During the 1891 census the family were recorded as living at Church Street, Maids Moreton, Buckinghamshire and George’s father was shown as a Police Constable. By the time of the 1901 census he had been promoted to Sergeant and the family were now living at the Police Station, Church End, Steeple Claydon, Buckinghamshire.
In the 1911 census George’s father had been transferred again and they were now living at the Police Station, Quainton near Aylesbury. George was employed as a domestic gardener.
George was employed as a gardener by Miss Alice de Rothschild of Waddesdon Manor, but he obviously wanted to follow in his father’s footsteps as he applied to join the Hertford County Constabulary.
As part of that process he had to undergo, on the 11th July 1913, a Medical Examination by the Force Surgeon at Police Headquarters, Hatfield. He would also have been formerly interviewed and then he would have waited for instructions to join.
George’s Hertford County Constabulary Form 3 Police Service Record has survived and shows the following: He said he was born on the 15th December 1892 at Maids Moreton, his age on joining was 20 7/12 years, his height 6 feet 1 inch, chest 37 ½ inches, complexion fresh, eyes hazel and his hair brown. He said he could ride a pedal cycle, but he could not swim. He said his religion was Church of England and his next of kin was his mother Elizabeth Rolls.
George was Appointed Constable 288 on the 5th August 1913 and started his Probationer training at R Division Headquarters, Hatfield. At the end of his training he was Attested on the 1st December 1913, taken onto the Roster and posted to E Division at Hitchin. Two weeks later on reaching his 21st birthday on the 15th December his Pensionable Service Commenced.
In January 1914 he passed his Ambulance certificate, an important qualification, which entitled him to wear a badge on his lower left tunic sleeve to show he was trained in basic First Aid.
On the 18th September 1914 George’s Police Service Record shows he was transferred from E Division at Hitchin to D Division at Great Berkhamsted.
General Order 95 of the 4th June 1915 was entitled Police Constable (Naval and Military Service) Act 1914, Police (Emergency Provisions) Act 191 and announced: The undermentioned Police Constables being desirous of enlisting in HM Army for the period of the War, the Deputy Chief Constable hereby gives the necessary consent for enlistment, as required by the above Acts:
1. PC 105 Armitage H.M. D Division
2. PC 330 Crouch E.L. D Division
3. PC 183 Godfrey P.C. D Division
4. PC 35 Reid A.W.D Division
5. PC 288 Rolls G.J.W D Division
The Constables will be permitted to join the Army at once and will be paid up to and including the date prior to that on which they commence to draw Army pay. The Superintendent D Division will report to Headquarters the date on which the Constables are enlisted in the Army, and the Constables will be struck off the strength of the establishment of the Force, as from that date.
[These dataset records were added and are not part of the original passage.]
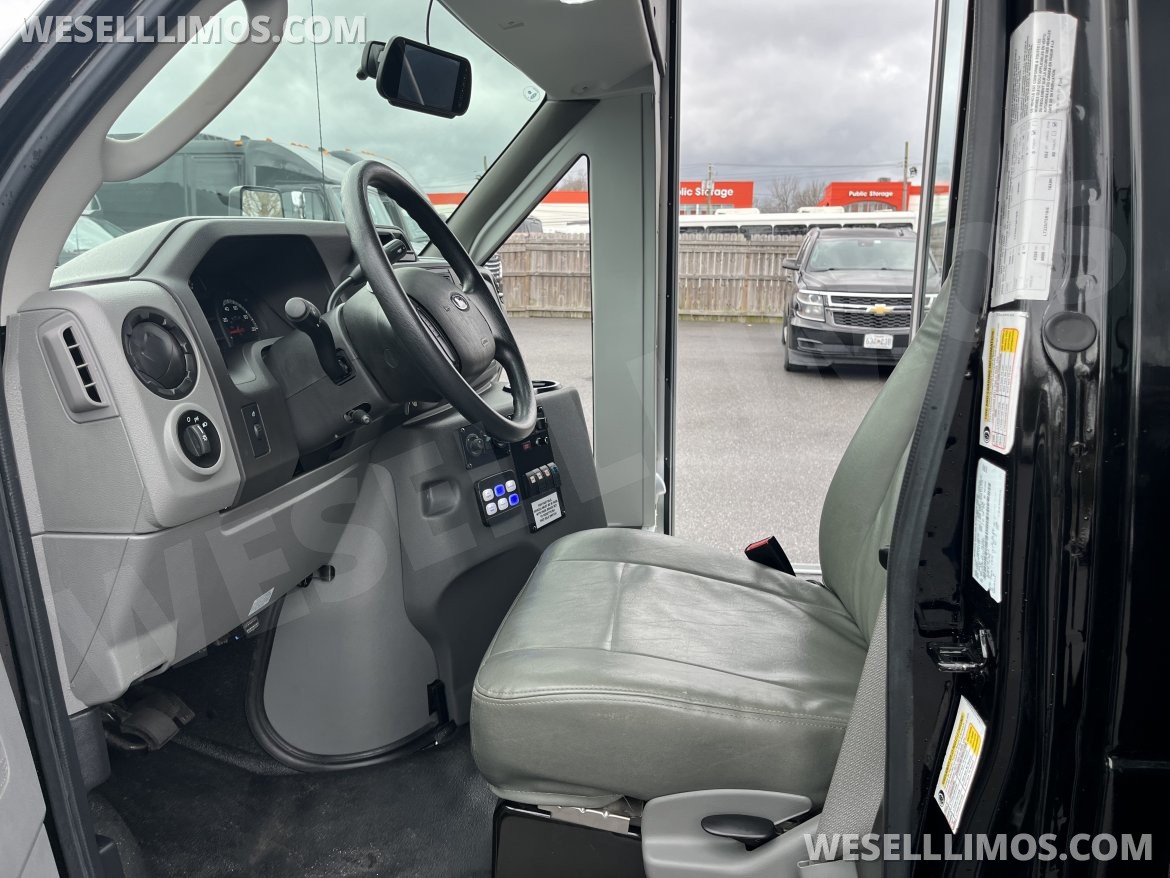 Photo of Limo Bus for sale: 2018 Ford E450 by LGE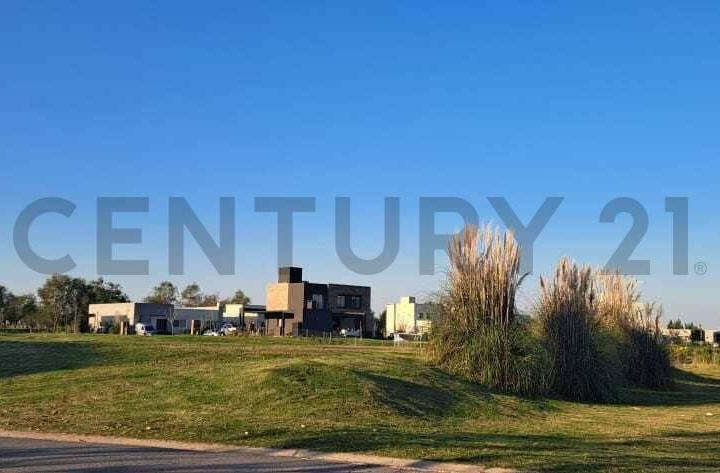 Terreno · 860m²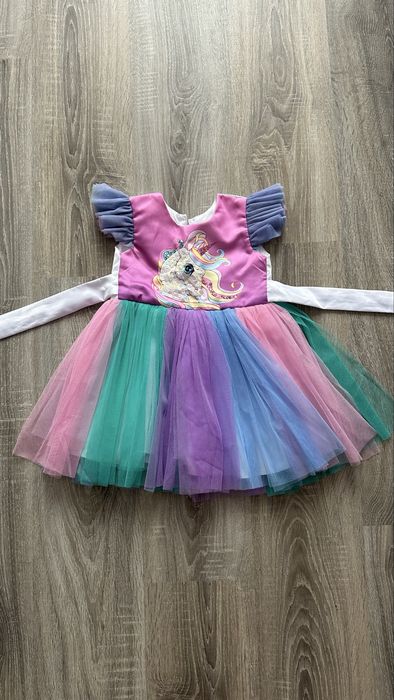 Плптье единорог 2-3 года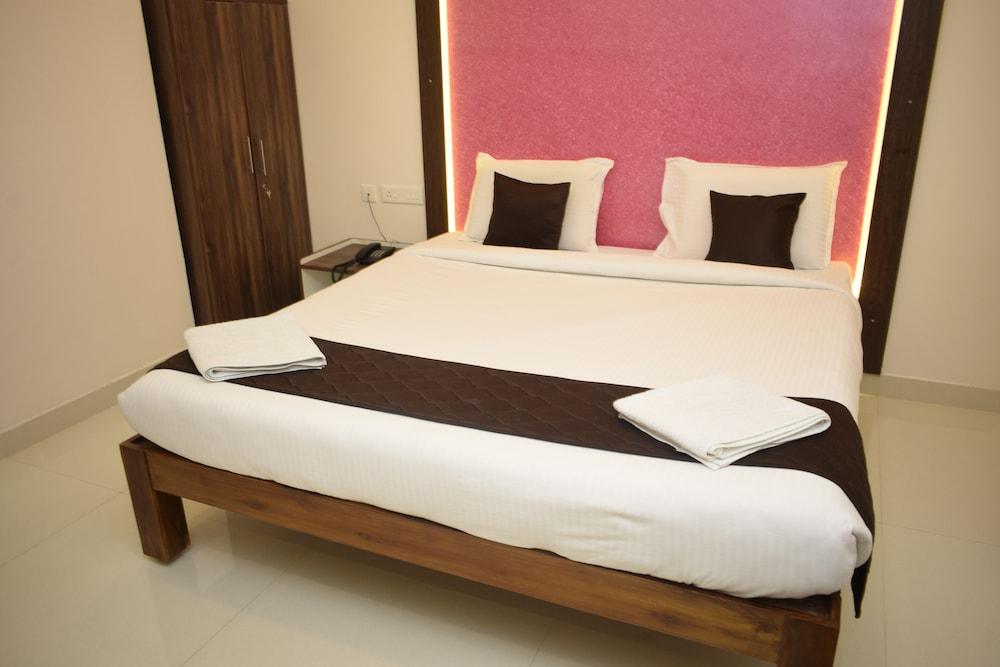 Sai Senthoor Paradise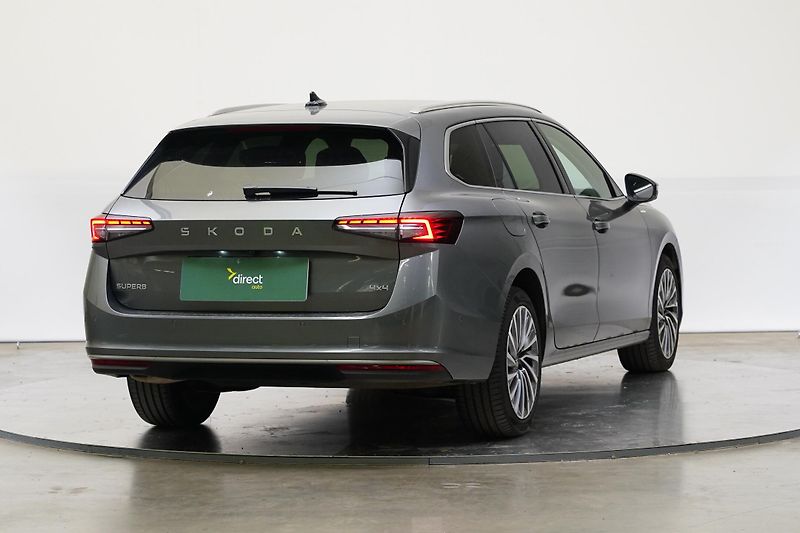 Škoda Superb - fotka 2 z 6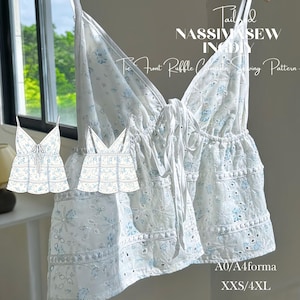 Könnte beinhalten: Weißes Camisole mit blauem Blumenmuster und Lochspitze. Das Oberteil hat eine Bindevorderseite und verstellbare Träger. Das Bild enthält auch eine Nähmaschinenmusterillustration und den Text "Tailored Nassim Sew Indy".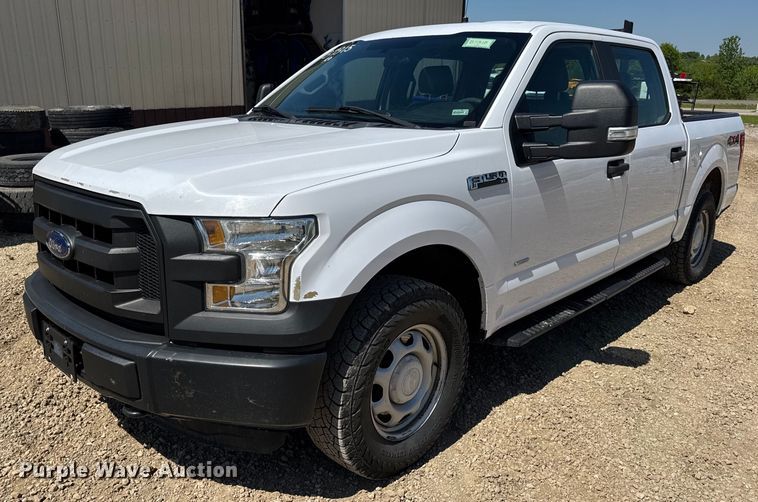 image for item EN4547 2015 Ford F150 XL SuperCrew pickup truck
General Order 118 of the 21st July 1915 is a list of 96 officers which included the Chief Constable, 43 Constables who were Army reservists who were recalled and 50 Constables and 2 Sergeants who volunteered for military service. George is shown as PC 288 Rolls G.J.W.D Division who enlisted in the Army Service Corps on the 7th June 1915.
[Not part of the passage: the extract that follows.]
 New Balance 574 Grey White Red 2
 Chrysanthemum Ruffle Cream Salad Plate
Army Service During The War.
George’s Army Service Record has survived albeit that it is part of the burnt collection. However, the following is readable: He enlisted at Watford on the 7th June 1915 for the duration of the war as Private S4/122279 in the Army Service Corps. He gave his address as Station Road, Quainton, Buckinghamshire. He said he was 22 years 6 months old and he was a Police Constable. He was not married and had not previously served in the Military. He gave his next of kin as his father John William Rolls of Station Road, Quainton.
His description was recorded as height 6 feet 1 inch, weight 146 lbs, chest 35 inches with 2 ½ inch expansion and his physical development was good.
On the 10th June 1915 he joined at Aldershot and was posted to A Company, Army Service Corps. He passed an assessment to be a Baker. On the 19th June he was appointed a paid Acting Corporal to K Company, Army Service Corps.
On the 10th August 1915 he was appointed a paid Acting Sergeant to the 59th Field Bakery. On the 21st June 1916 at York he was reprimanded whilst an Acting Sergeant for “Being in the Sergeants Mess during prohibited hours”.
George married Caroline Gudgin on the 13th April 1918 at Westcott Church. They had a son, John Dennis Rolls born in 1920 at Watford. In 1942 at Berkhamsted he married Joan Mabel Barber the daughter of PC 256 Walter James Barber.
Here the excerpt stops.